食品会社の販路開拓に欠かせない営業資料があります。
それがFCPシートです。
FCPシートとは「フード・コミュニケーション・プロジェクト」の略。
農林水産省が推奨する商談用フォーマットで、全国のバイヤーが共通して使えるように整備されたものです。
商品の特徴、価格、流通情報、ターゲット層などを一枚に整理することで、短時間で商品の価値を伝えることができます。
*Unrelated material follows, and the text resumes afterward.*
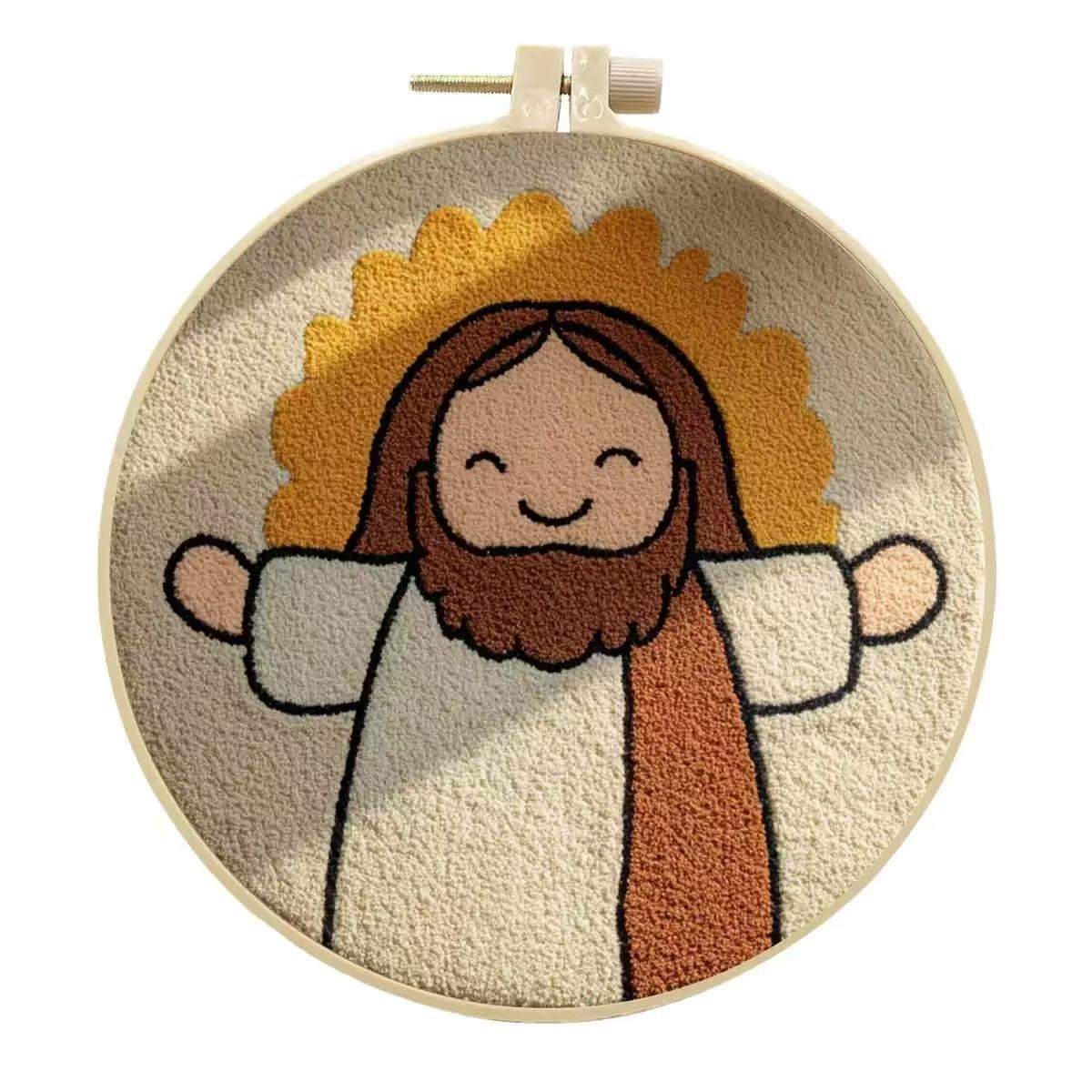 Happy Jesus Punch Needle Kit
このFCPシート、作成を求められて形だけ提出している会社が多いのが現実です。
「書いて出せばいい」と思っていませんか?
本当のFCPシートは、“提出する書類”ではなく、“売上を作る営業ツール”です。
● FCPシートは営業戦略の中心になる
バイヤーは、商談会で1日に何十社と話をします。
限られた時間の中で「ひと目で価値が伝わる商品」しか記憶に残りません。
だからこそ、FCPシートの完成度が商談の結果を左右します。
整理された資料は、会社の信頼そのものです。
展示会・商談会・営業訪問。どんな場面でも活用できる。
つまりFCPシートは、営業現場を動かす「戦略の軸」です。
● 簡素な内容ではチャンスを逃す
たとえば、ある加工食品メーカーが新商品を商談会に出展しました。
ところが提出したFCPシートには、商品名と価格、原材料だけ。
特徴も背景もない。
結果、試食の評価は良かったのに採用されませんでした。
バイヤーは会場で聞いた説明をすべて覚えているわけではありません。
商談後に手元に残るのはFCPシートです。
その一枚で「どんな商品か」「どんな想いがあるのか」が伝わらなければ、忘れられてしまいます。
口頭よりも紙。
紙よりも構成力。
この積み重ねが信頼になります。
● FCPシートに書くべき5つの要素
- 開発背景
なぜこの商品を作ったのか。地域資源や時代の流れ、ターゲット層を具体的に書くと説得力が増します。 - 商品名と特徴
味、食感、製法、競合との違いを簡潔に。数値があれば信頼性が上がります。 - 利用提案
家庭用・ギフト・業務用など、具体的な使い方の提案を書きましょう。提案が販路を広げます。 - 製造体制と品質管理
どんな環境で作っているのか、どんな管理をしているのか。安全・安心を可視化します。 - 実績または期待
「〇〇地域で採用実績あり」や「新しい需要を狙う商品です」といった情報は、判断材料になります。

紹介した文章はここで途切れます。